In the example that you indicated, the performance is likely to be irrelevant, since on the PC the whole operation will take about 1% of the time, when the user should read the first result that you show, provided that you are not using a completely stupid algorithm. But, nevertheless, I assume that the problem is large enough, that performance is a problem.
If the dictionary file is predefined (like most of them), and if the text is small relative to the dictionary, as you described, then I would be very tempted to sort the text, possibly remove duplicates, and then iterate over both lists side by side using the same procedure as merge sorting, except that you tell if each text word is in the dictionary instead of listing the combined list.
This task is performed in comparing M log M for sorting, plus no more than N + M comparisons for iteration (possibly less, but not complexity-less). This is close enough to optimal complexity for a one-time operation: to get rid of the linear term in N, you need to find ways to not read the entire dictionary from disk at all. I am pretty sure that this is possible for bsearch to a file, especially considering that the words are quite short, but for small N it all guesses whether finding a place in this place will be faster than sequential data access.
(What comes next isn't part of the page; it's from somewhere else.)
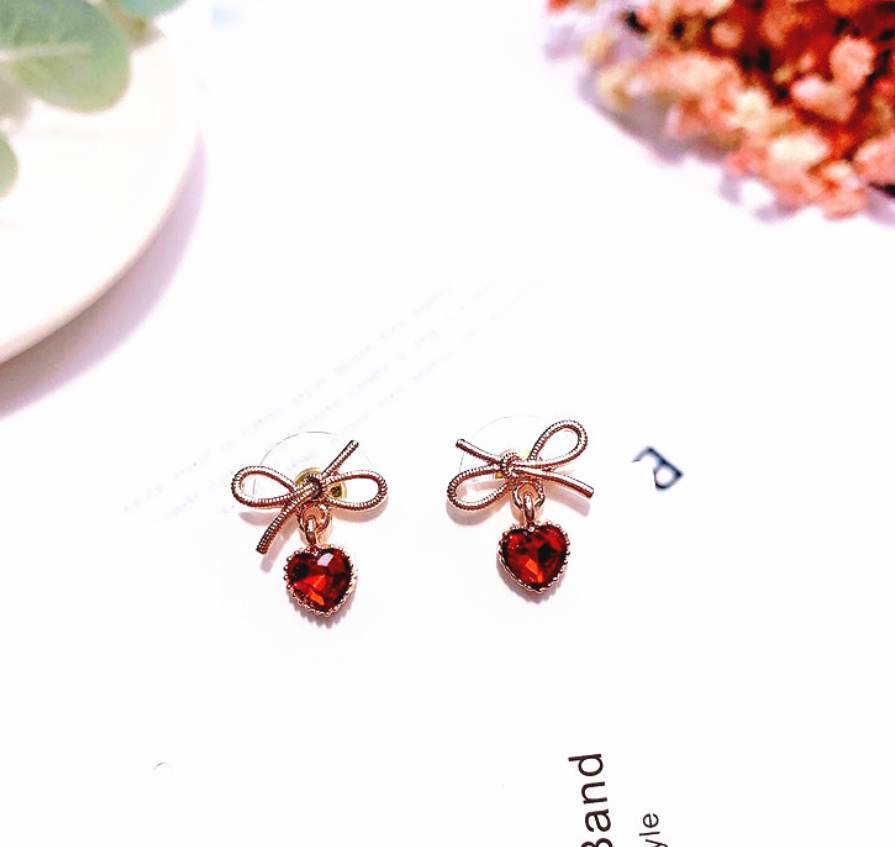 Heart Bow Earrings (Heart and Bow Design)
It has the following characteristics:
- You do not need to store the dictionary in memory, only text.
- However, you only make one pass over the dictionary file.
- You do not do any expensive dictionary processing.
Of course, if the dictionary file is not pre-sorted, this will not work, and if you can keep the dictionary in memory for the next spelling check operation, you can amortize the cost of I / O and processing it into a tree through several different texts, which will be the gain in the end .
If the dictionary is really huge, then it may be useful for you to save it to disk in a pre-processed form, equivalent to an unbalanced tree, weighted in accordance with the relative frequencies of different words in your language. Then you can do less than O (N) disk access for small texts, and on most operating systems do not load it into memory at all, just mmap file and let the OS worry about it. For a large dictionary, all clusters containing words starting with "dimethyl" should never be touched.
Another consideration is the splay tree for the dictionary. The cleavage tree will unbalance itself as you look in it to quickly find frequently used values. In most cases, the text is repeated several times, so if the text is long enough to justify the overhead, it will ultimately win.
Both of the above obey Stephen Lowe, which for strings, trie is superior to a normal tree. I donβt know if you can find a ready-made splay trie.